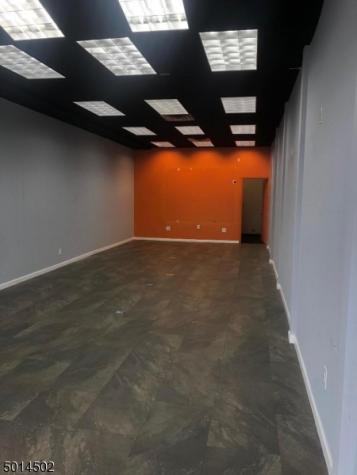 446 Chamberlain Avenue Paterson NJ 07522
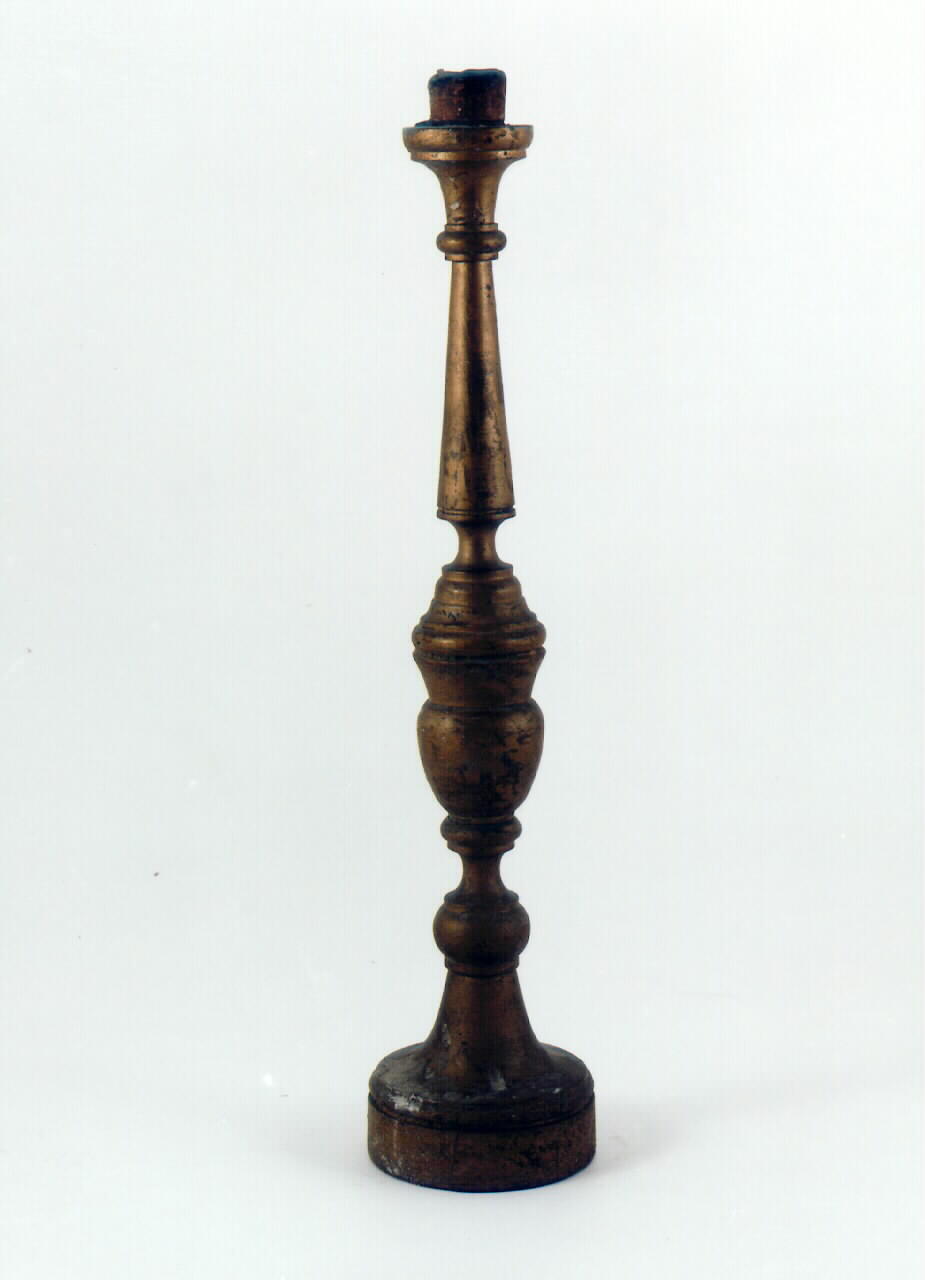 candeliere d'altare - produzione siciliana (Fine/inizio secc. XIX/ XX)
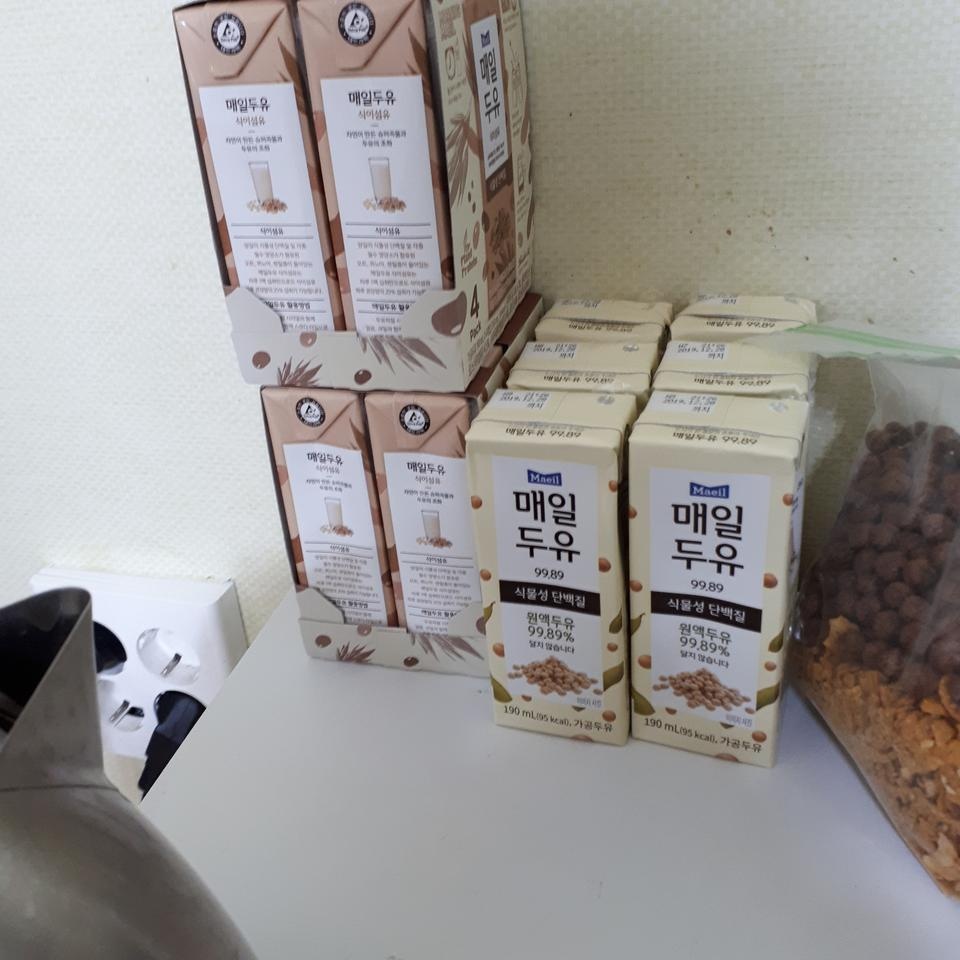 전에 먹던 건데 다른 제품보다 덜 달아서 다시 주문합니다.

TASK DIRECTIONS:
Copy the listing character for character, pictures omitted.

RESULT OF THIS TASK:
 446 Chamberlain Avenue Paterson NJ 07522
 candeliere d'altare - produzione siciliana (Fine/inizio secc. XIX/ XX)
 전에 먹던 건데 다른 제품보다 덜 달아서 다시 주문합니다.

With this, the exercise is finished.